Aim of the task:
Each entry in this listing needs to be written out again, word for word.

Task inputs:
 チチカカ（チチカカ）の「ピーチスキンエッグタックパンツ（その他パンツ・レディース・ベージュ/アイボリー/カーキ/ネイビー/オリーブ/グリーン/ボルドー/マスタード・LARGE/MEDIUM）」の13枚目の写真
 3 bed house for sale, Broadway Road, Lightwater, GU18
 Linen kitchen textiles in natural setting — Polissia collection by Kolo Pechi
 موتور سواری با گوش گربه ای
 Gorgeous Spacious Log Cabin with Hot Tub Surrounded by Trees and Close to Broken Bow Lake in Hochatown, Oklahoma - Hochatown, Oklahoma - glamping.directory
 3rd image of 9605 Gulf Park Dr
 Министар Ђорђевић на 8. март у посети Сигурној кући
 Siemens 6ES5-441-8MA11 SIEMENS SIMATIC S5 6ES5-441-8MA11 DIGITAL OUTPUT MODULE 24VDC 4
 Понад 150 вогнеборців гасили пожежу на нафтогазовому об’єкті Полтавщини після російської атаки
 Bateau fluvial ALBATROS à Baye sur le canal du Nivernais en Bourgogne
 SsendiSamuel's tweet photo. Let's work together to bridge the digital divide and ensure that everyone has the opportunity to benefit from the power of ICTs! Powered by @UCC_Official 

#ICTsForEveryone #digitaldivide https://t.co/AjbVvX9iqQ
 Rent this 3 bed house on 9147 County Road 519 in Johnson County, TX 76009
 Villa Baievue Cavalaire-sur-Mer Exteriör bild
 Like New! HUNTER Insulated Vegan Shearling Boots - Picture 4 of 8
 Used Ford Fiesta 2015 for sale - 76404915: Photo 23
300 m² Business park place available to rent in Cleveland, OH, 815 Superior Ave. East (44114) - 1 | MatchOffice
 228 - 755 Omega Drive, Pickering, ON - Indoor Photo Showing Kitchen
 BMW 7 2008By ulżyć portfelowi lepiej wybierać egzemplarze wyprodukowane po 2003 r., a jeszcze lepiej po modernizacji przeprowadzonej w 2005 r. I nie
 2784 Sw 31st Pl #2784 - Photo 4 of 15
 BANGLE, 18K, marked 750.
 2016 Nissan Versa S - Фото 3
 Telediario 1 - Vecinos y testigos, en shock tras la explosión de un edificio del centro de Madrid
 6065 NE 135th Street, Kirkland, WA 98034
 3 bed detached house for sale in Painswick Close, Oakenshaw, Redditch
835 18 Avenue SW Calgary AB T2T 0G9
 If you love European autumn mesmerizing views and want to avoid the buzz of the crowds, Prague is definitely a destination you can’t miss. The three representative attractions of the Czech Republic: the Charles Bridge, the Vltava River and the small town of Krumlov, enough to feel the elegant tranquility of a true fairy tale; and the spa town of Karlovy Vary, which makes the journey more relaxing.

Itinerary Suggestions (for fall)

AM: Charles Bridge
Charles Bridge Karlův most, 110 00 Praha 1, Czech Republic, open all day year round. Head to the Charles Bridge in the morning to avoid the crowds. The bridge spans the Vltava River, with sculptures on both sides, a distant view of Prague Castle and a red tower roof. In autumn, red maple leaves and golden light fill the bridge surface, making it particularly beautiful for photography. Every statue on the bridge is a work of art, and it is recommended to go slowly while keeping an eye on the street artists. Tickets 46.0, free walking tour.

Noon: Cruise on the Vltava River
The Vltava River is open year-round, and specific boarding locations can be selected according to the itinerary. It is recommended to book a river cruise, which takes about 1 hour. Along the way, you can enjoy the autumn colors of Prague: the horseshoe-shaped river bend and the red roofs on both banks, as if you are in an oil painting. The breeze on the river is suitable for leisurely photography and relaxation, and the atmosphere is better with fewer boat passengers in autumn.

Your response:
 チチカカ（チチカカ）の「ピーチスキンエッグタックパンツ（その他パンツ・レディース・ベージュ/アイボリー/カーキ/ネイビー/オリーブ/グリーン/ボルドー/マスタード・LARGE/MEDIUM）」の13枚目の写真
 3 bed house for sale, Broadway Road, Lightwater, GU18
 Linen kitchen textiles in natural setting — Polissia collection by Kolo Pechi
 موتور سواری با گوش گربه ای
 Gorgeous Spacious Log Cabin with Hot Tub Surrounded by Trees and Close to Broken Bow Lake in Hochatown, Oklahoma - Hochatown, Oklahoma - glamping.directory
 3rd image of 9605 Gulf Park Dr
 Министар Ђорђевић на 8. март у посети Сигурној кући
 Siemens 6ES5-441-8MA11 SIEMENS SIMATIC S5 6ES5-441-8MA11 DIGITAL OUTPUT MODULE 24VDC 4
 Понад 150 вогнеборців гасили пожежу на нафтогазовому об’єкті Полтавщини після російської атаки
 Bateau fluvial ALBATROS à Baye sur le canal du Nivernais en Bourgogne
 SsendiSamuel's tweet photo. Let's work together to bridge the digital divide and ensure that everyone has the opportunity to benefit from the power of ICTs! Powered by @UCC_Official 

#ICTsForEveryone #digitaldivide https://t.co/AjbVvX9iqQ
 Rent this 3 bed house on 9147 County Road 519 in Johnson County, TX 76009
 Villa Baievue Cavalaire-sur-Mer Exteriör bild
 Like New! HUNTER Insulated Vegan Shearling Boots - Picture 4 of 8
 Used Ford Fiesta 2015 for sale - 76404915: Photo 23
300 m² Business park place available to rent in Cleveland, OH, 815 Superior Ave. East (44114) - 1 | MatchOffice
 228 - 755 Omega Drive, Pickering, ON - Indoor Photo Showing Kitchen
 BMW 7 2008By ulżyć portfelowi lepiej wybierać egzemplarze wyprodukowane po 2003 r., a jeszcze lepiej po modernizacji przeprowadzonej w 2005 r. I nie
 2784 Sw 31st Pl #2784 - Photo 4 of 15
 BANGLE, 18K, marked 750.
 2016 Nissan Versa S - Фото 3
 Telediario 1 - Vecinos y testigos, en shock tras la explosión de un edificio del centro de Madrid
 6065 NE 135th Street, Kirkland, WA 98034
 3 bed detached house for sale in Painswick Close, Oakenshaw, Redditch
835 18 Avenue SW Calgary AB T2T 0G9
 If you love European autumn mesmerizing views and want to avoid the buzz of the crowds, Prague is definitely a destination you can’t miss. The three representative attractions of the Czech Republic: the Charles Bridge, the Vltava River and the small town of Krumlov, enough to feel the elegant tranquility of a true fairy tale; and the spa town of Karlovy Vary, which makes the journey more relaxing.

Itinerary Suggestions (for fall)

AM: Charles Bridge
Charles Bridge Karlův most, 110 00 Praha 1, Czech Republic, open all day year round. Head to the Charles Bridge in the morning to avoid the crowds. The bridge spans the Vltava River, with sculptures on both sides, a distant view of Prague Castle and a red tower roof. In autumn, red maple leaves and golden light fill the bridge surface, making it particularly beautiful for photography. Every statue on the bridge is a work of art, and it is recommended to go slowly while keeping an eye on the street artists. Tickets 46.0, free walking tour.

Noon: Cruise on the Vltava River
The Vltava River is open year-round, and specific boarding locations can be selected according to the itinerary. It is recommended to book a river cruise, which takes about 1 hour. Along the way, you can enjoy the autumn colors of Prague: the horseshoe-shaped river bend and the red roofs on both banks, as if you are in an oil painting. The breeze on the river is suitable for leisurely photography and relaxation, and the atmosphere is better with fewer boat passengers in autumn.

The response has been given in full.